The mobile value-added services market in Africa was worth $4.5 billion in 2009, and over the next five years is forecast to grow at a compound annual growth rate of 20 percent, generating $11.5 billion by 2014, Informa Telecoms & Media, a London-based consultant, said in its Rural Connectivity Report in Africa published this month.
Capture Opportunity
About 80 percent of the sales were from messaging, while mobile Internet contributed 14 percent and mobile entertainment such as music and television 3.5 percent, the report showed.
Internet and broadband penetration is still in single digits, Uys said.
“So the possibilities are still there but it’s what you pay for it to get it, the investment in infrastructure,” he said. “If the tariffs are driven too low for whatever reason then it might also not make sense.”
In order for mobile operators to “capture this opportunity,” the market needs consolidation, McKinsey said. “The industry structure should be rationalized, for example, because many markets, even smaller ones, have four or more players.”
Competition on the continent is fiercer now than it has ever been. In the Democratic Republic of Congo and Tanzania, mobile-phone tariffs plunged between 50 percent and 60 percent in the six months through September.
Tumbling Prices
Prices in Kenya have been slashed to such an extent that Safaricom Ltd. Chief Executive Officer Bob Collymore said India’s Bharti, which bought most of Zain’s African operations last year for $9 billion, is losing money on as much as 50 percent of its voice traffic.
Safaricom has an 86 percent share of the market and is 40 percent held by Newbury, England-based Vodafone. Bharti’s head of African operations, Manoj Kohli, declined to comment on Safaricom’s remarks. “We can’t comment on our competitors’ claims,” Kohli said.
On Aug. 18, Bharti halved tariffs in Kenya to 3 shillings, Les Baillie, a spokesman for Safaricom said. Safaricom “knew that voice was always going to become a commodity,” Baillie said. “It was not expected that it would happen so rapidly though.”
Companies are scrambling to adapt their operations to the new climate.

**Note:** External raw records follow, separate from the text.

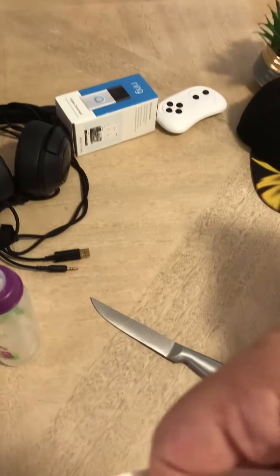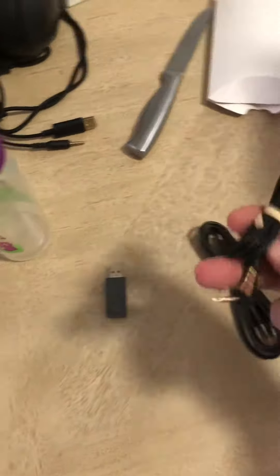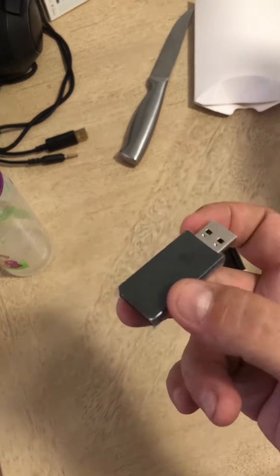So there's the USB cable. I guess this is for you to connect on the controller. And the USB. Nice.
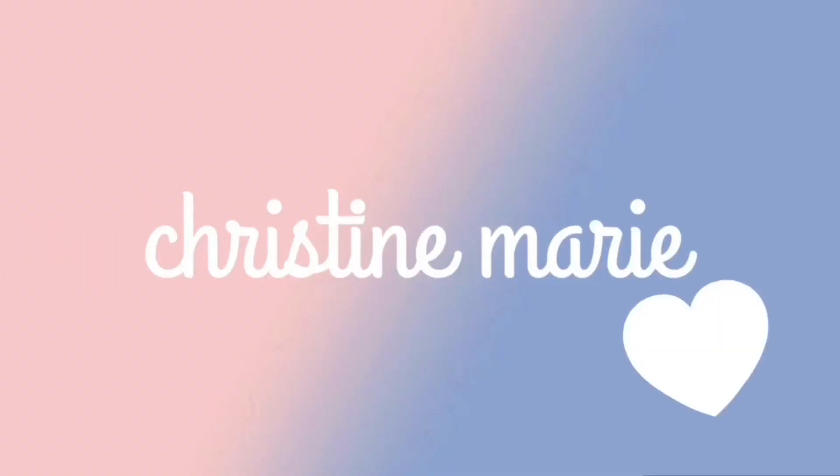Hey guys, it's Christine and welcome back to my YouTube channel! Can you guess who's here? My name is Lola — just kidding, it's Julie! Today I'm at Julie's house.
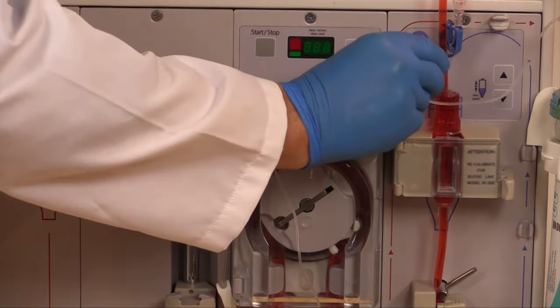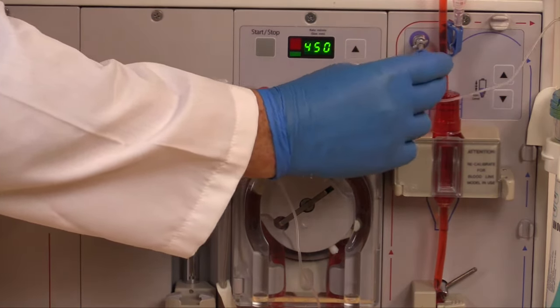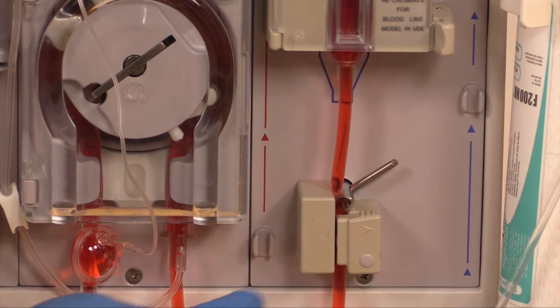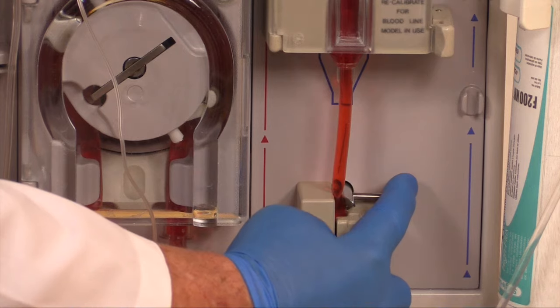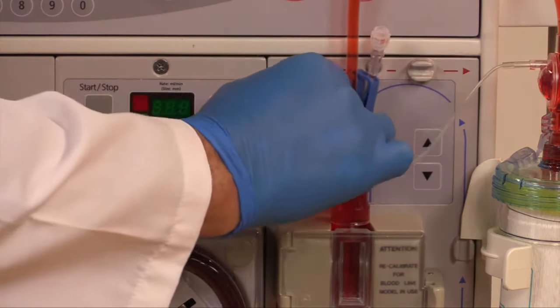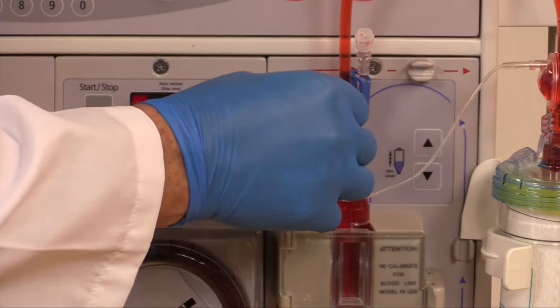Close the venous monitor line clamp. Reset alarms and ensure the main venous tubing clamp is open. Disconnect the monitor line from the venous pressure port.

“We have to review our business model and make it leaner and compete on price and have more quality in our network and to have more data,” said Mickael Ghossein, chief executive officer of Orange Telkom Kenya, which is 51 percent held by France Telecom SA. “We have to enhance our quality of networks.”
Sharing Towers
In South Africa, Vodacom, which is 65 percent owned by Vodafone, is investing in data networks. Data now accounts for more than 50 percent of its traffic and is growing at more than 50 percent a year, Uys said.

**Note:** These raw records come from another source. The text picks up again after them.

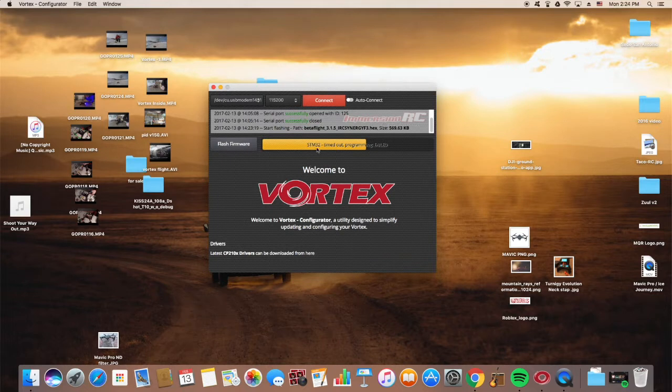For some reason it's a timeout programming fail, but I'm pretty sure that we're good to go. Yeah, so we're going to go into a bit of flight.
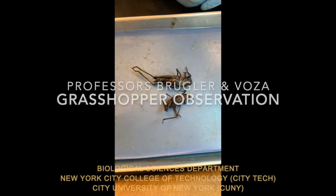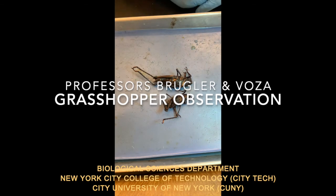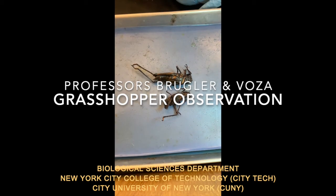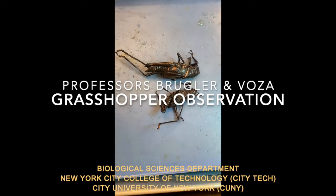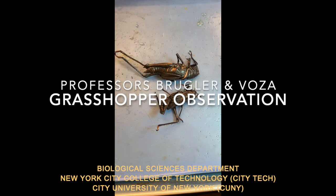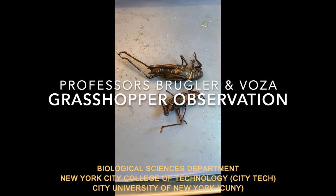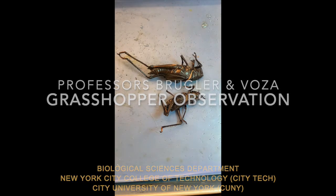Hi there, Professor Voza and Professor Brugler from City Tech, Biological Sciences, and today we're looking at an arthropod. And no, these are not cockroaches — I wouldn't be able to touch them if they were, even dead. So these are grasshoppers? Grasshoppers! Locusts? Some combination thereof.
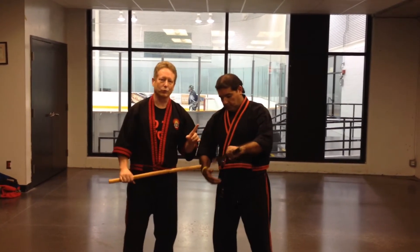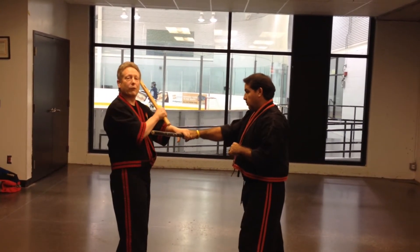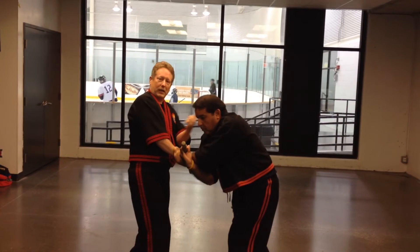Alex is going to feed the angle 2 on the right versus right. So this is part of our stick grappling series here. We push this down toward the center and step this up for a punch.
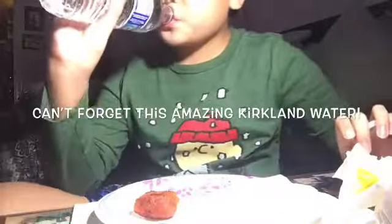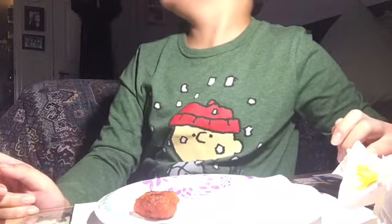Two sesame seeds. Before we get to this boneless wing, we have to drink our sparkling water. Okay, let's eat this boneless wing.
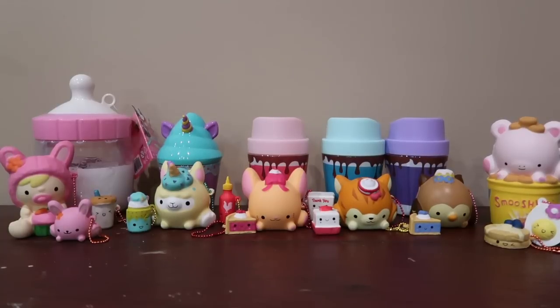Speaking of squishies, check out all these awesome new squishies from Smushy Mushy. Vote in the card for which squishy you would like to see a DIY on, and comment what material I should use to make it — should I use duct tape, paper, or regular memory foam? Let me know in the comments. You can find these squishies at Walmart — I'll have them linked in the description.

The company is also pushing smart devices that are able to browse the Internet to low-end segments with touchscreen phones that retail at 499 rand ($73). Once users have an improved mobile-browsing experience, data consumption increases, Uys said
Operators are also sharing infrastructure, especially to reach sparsely populated rural areas where returns on capital invested in infrastructure are low.
Infrastructure sharing and outsourcing of towers has been punted for years. Now, faced with greater competitive pressure, companies are beginning to act.
‘Good Industry’
Last month, Vodafone signed an agreement with Eaton Towers to manage its 750 towers in Ghana. On Nov. 5, American Tower Corp. agreed to buy 3,200 towers from Cell C Ltd., South Africa’s third-largest mobile phone services provider, in a deal worth $430 million.

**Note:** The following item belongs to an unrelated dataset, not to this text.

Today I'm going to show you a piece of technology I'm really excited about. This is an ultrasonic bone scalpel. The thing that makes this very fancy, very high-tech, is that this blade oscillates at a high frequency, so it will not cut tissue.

“We are going to see more and more of those type of deals happening,” said David Lerche, a telecoms analyst at Johannesburg-based Avior Research. “There are lots of little tower companies running around trying to position themselves as tower outsourcers. It’s quite an interesting development.”
For all its challenges, the market is still attractive, Marc Rennard, vice president of Orange Mobile for Africa, Middle East and Asia, said in an interview.
While investor interest has waned a little, “we are profitable, the big players, the five, six main players are profitable,” he said. “It’s still a good industry.”